Tô falando da fuga daquele comportamento do bom cidadão standard, aquele que vira um é inconformado com a carga tributária e com “tudo o que está aí”, mas ao se deparar com uma manifestação, pensa: “esses baderneiros”, “esses jovens não valem 20 centavos”, “esses bugios revoltados” (in verbis).

Por muito tempo questionei a autenticidade de quem levantava bandeiras sociais, engajava novas ideias contra o estado das coisas e frequentava os botecos da Vila Madalena – onde não se deixa menos de 100 reais por uma dúzia de bolinhos com chope. Mas na verdade me dei conta de que o que é realmente assustador são aqueles que vão contra qualquer movimento que vá bagunçar os seus mundos, que vá atrapalhar os seus percursos de volta pra casa no fim do dia.

No fim das contas acho que me dei conta que, entre prefiro ser tachada de crítica (como se isso fosse mesmo uma ofensa), “ativistinha” ou idealista a engrossar a massa acomodada que não consegue perceber que violência de verdade é o que fazem com os professores, que vandalismo é o que fazem com o nosso dinheiro, com a nossa saúde, com a nossa cidade todos os dias, mas de uma forma “pacífica”, sem quebrar nada.
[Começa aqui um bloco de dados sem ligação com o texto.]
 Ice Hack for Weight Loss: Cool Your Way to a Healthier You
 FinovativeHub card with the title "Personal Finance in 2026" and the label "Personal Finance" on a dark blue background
Prefiro que as coisas saiam do controle, que estourem, quebrem-se vidros, haja confronto, do que continuar a viver sendo vítima passiva de um sistema doentio, que virou o normal entre a gente.

Absolutamente prefiro ser mais uma “ilegítima” com meu iPhone nas ruas, do que dentro de um carro blindado, achando que ser cidadão se restringe a ir às urnas e pagar impostos.

Não são mesmo 20 centavos que estão em jogo, mas sim uma forma de pensar – acomodada -, que se sedimentou entre as pessoas e da qual quero estar bem longe.

Fico ansiosa por, daqui a 20 anos, saber que foram estes mesmos 20 centavos e estes baderneiros que fizeram alguma, mesmo que mínima, diferença.